INA Nannotalks Vol. 2: Dr. Luz Maria Mejia

We are inviting our colleagues and fellow fossil enthusiasts to attend the second series of Nannotalks by the International Nannoplankton Association (INA). The next talk in the second series will be delivered by Dr. Luz Maria Mejia from ETH Zurich, with a title “Coccolith clumped isotopes point to a less extreme polar amplification during warm periods and a deeper that commonly-regarded coccolithophore habitat.” The meeting is set to be held on the 24th of March, 2022 (14:00 UTC; 22:00 PhilST). The abstract is posted below:


Setting adequate and timely mitigation strategies in response to anthropogenic-caused warming requires improvement of climate model predictions, which requires reliable temperature and CO2 reconstructions. Temperature reconstructions based on widely-used proxies show different limitations. The application of clumped isotopes, which are uniquely dependent on thermodynamical processes, to calcite produced by coccolithophores, photosynthetic organisms limited to the photic zone, ensures that the reconstructed signal originates in the surface ocean.

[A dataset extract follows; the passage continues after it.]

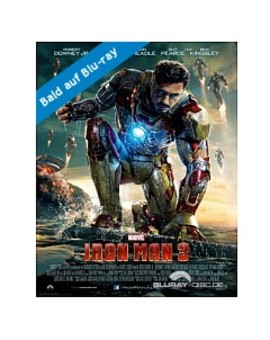 IRON MAN en 4k UHD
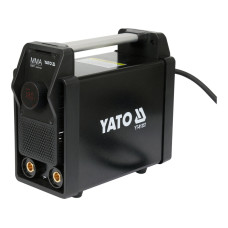Зварювальний апарат інверторний Yato yt-81357 - 5200 вт, 220 в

A combination of new coccolith separation methods allowed to obtain clumped isotopes from well preserved coccolith-rich samples from North Atlantic sediments during the last 16 Ma, and world-wide located core top samples. Upon the lack of evidence of vital and diagenetic effects, a consistently colder North Atlantic reconstructed from clumped isotopes compared to UK’37-derived temperatures, indicate a less extreme polar amplification than previously thought, and the potential need to reevaluate our understanding of widely-used temperature proxies. Part of this reevaluation should consider the evidence of a deeper habitat than generally regarded for coccolithophores, as clumped isotope calcification temperatures from core top coccoliths are colder than SSTs in low latitudes compared to higher ones. Clumped isotopes applied to coccolith calcite is a promising new proxy for temperature reconstructions, and new faster separation methods will allow its wider application.